Work order: The material below contains a line with "Thủ thuật đá" and a line with "Lioness (Panthera leo), Kgalagadi". Copy exactly those two lines and all lines between them.

Data for the task:

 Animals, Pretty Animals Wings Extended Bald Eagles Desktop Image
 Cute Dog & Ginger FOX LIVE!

---

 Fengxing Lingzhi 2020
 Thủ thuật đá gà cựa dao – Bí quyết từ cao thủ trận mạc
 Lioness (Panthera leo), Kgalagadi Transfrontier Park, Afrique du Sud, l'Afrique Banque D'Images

Task solution:
 Thủ thuật đá gà cựa dao – Bí quyết từ cao thủ trận mạc
 Lioness (Panthera leo), Kgalagadi Transfrontier Park, Afrique du Sud, l'Afrique Banque D'Images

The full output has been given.